La goutte qui fait déborder le vase, c'est cette question innocente d'un représentant d'un des sponsors, demandant si les joueurs avaient bien reçu leurs primes de match. Quelles primes de match ? Renseignement pris, ils ont bien droit à un pécule dérisoire de leurs sponsors (4 000 escudos par jour, l'équivalent de 20 euros). Les joueurs demandent illico le doublement des primes. Refus de la fédération : "Il n'y a rien à négocier". Les joueurs décident alors de s'entraîner maillot retourné, pour cacher les sponsors. L'attaquant Paolo Futre se souvient s'être entraîné "quasiment à poil". Excédés, les joueurs décident de ne pas s'entraîner le 25 mai 1986, provoquant la fureur des politiciens conservateurs, qui réclament leur retour immédiat au pays pour avoir déshonoré leur patrie. Le président de la République, Mário Soares envoie un télégramme d'apaisement.
Le mal est fait. Après une victoire inaugurale prometteuse contre l'Angleterre, le Portugal s'incline contre la Pologne et le Maroc, et fait ses valises. Lors du dernier match, une banderole fait son apparition dans les tribunes des supporters portugais. "Joueurs portugais, les filles de Saltillo vous soutiennent." Le mot fera jaser au pays... Profondément énervés, pratiquement tous les joueurs refuseront de porter le maillot de l'équipe nationale pendant deux longues années, rappelle El Diaro de Noticias (en portugais). Et le Portugal rate, logiquement, la qualification pour l'Euro 1988.
Le règlement de comptes le plus surréaliste avec les journalistes ? Les Bleus, en 1978
"Ces footballeurs possèdent un tiroir-caisse à la place du cœur", tonne le journaliste Georges de Caunes, alors que l'équipe de France vient d'arriver en Argentine, pour sa première Coupe du monde depuis douze ans. En cause, la révélation par Le Journal du Dimanche de la grogne des internationaux contre Adidas, sponsor de la fédération, qui ne leur octroie que 1 600 francs de prime par match pour porter ses chaussures. Ce n'est pas assez pour les Bleus, qui repeignent en noir les trois bandes blanches de leur équipementier.

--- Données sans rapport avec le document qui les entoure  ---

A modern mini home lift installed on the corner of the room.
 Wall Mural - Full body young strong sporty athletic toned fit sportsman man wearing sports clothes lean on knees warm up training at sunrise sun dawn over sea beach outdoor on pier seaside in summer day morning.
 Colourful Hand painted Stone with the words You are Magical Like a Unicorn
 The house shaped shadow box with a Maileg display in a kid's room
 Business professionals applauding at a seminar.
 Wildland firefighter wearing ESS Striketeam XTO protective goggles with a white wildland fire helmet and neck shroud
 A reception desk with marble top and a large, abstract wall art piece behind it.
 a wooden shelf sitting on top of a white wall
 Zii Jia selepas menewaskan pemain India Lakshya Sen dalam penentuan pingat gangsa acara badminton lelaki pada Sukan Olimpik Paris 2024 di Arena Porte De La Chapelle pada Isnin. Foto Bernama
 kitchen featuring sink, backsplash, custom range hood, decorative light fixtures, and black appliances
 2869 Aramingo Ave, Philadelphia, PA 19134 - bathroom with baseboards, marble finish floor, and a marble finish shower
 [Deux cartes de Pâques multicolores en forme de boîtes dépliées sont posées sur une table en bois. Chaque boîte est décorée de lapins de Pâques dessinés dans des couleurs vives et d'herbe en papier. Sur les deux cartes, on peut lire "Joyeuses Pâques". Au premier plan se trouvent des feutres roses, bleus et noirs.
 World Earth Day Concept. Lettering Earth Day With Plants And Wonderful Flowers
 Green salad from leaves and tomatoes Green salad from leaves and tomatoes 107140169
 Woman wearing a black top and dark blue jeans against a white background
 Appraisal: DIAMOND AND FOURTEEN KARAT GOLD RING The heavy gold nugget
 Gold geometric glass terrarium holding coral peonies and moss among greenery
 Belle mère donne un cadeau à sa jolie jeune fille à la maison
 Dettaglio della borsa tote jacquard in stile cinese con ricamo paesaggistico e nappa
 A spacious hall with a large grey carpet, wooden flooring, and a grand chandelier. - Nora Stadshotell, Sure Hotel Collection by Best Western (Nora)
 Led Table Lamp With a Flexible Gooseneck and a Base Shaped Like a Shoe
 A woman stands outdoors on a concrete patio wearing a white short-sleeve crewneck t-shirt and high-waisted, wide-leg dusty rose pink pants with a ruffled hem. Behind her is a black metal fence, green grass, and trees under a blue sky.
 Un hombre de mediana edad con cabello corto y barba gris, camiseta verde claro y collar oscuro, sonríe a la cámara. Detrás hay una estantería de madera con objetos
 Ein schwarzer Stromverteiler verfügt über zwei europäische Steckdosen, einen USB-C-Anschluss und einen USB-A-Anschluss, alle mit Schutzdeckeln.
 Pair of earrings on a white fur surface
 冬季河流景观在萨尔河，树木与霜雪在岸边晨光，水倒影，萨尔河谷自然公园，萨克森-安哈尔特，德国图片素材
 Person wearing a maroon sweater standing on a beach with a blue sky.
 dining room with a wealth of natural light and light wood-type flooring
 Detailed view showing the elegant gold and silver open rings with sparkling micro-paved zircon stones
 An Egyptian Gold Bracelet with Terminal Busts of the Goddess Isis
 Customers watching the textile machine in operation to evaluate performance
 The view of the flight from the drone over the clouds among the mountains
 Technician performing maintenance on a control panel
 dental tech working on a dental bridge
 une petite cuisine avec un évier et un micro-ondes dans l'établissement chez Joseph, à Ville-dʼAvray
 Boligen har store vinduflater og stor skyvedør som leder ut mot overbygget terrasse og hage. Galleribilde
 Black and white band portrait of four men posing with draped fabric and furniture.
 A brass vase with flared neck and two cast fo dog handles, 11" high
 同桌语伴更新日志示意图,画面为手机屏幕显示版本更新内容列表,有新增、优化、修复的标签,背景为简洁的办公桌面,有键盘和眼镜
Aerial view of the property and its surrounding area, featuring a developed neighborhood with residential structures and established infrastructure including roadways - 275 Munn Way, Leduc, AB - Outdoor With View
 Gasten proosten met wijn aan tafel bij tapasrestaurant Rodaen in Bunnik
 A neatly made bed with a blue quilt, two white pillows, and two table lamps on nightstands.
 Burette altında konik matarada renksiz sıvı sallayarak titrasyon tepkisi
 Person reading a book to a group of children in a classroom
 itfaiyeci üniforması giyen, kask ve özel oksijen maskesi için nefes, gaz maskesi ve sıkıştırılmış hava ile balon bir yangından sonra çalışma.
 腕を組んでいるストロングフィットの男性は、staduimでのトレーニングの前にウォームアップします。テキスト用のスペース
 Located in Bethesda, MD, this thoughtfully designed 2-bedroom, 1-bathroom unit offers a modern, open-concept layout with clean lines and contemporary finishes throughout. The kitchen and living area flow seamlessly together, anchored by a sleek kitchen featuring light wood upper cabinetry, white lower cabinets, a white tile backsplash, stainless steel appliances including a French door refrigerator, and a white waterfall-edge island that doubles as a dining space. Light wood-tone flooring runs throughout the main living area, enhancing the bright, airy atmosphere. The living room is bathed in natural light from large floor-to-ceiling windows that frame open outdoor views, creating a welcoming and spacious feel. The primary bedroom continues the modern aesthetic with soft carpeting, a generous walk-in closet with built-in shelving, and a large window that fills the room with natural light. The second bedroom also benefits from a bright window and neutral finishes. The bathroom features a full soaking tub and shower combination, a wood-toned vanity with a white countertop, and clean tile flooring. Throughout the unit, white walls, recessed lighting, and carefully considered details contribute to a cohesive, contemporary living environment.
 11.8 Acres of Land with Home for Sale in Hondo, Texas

Pour la première fois, l'équipe de France est suivie par des journalistes de la presse généraliste, pas seulement des représentants de L'Equipe et de France Football. D'où des sujets plus polémiques, qui les agacent. Les joueurs finissent par convoquer l'ensemble des journalistes français présents dans la salle de presse de l'Hindu Hotel de Buenos Aires. Cette fois, ce sont les joueurs, désireux de régler leurs comptes avec les journalistes, qui posent les questions. Une scène particulièrement croustillante est racontée dans le livre Platini, le roman d'un joueur, de Jean-Philippe Leclaire. Dominique Grimault, du Journal du Dimanche, est sur la sellette. C'est lui qui a révélé l'affaire Adidas, et qui a écrit que l'ailier Didier Six était boudé par ses équipiers.
"Oui, j'ai bien écrit que Didier était en quarantaine, explique le journaliste.
- Mais qui a bien pu te raconter une chose pareille ?, s'exclame le défenseur de Saint-Etienne Christian Lopez.
- Mais... c'est toi Christian !", répond Grimaud, du tac au tac.
Aussitôt, Didier Six se précipite dans les toilettes pour sangloter, poursuivi par Lopez, gêné, Grimault, confus, ainsi qu'un bon quart de l'équipe. La France fait ses valises après une élimination dès le premier tour. Dans l'Hexagone, on attribue cet échec à la jeunesse de l'équipe... et à l'affaire des chaussures.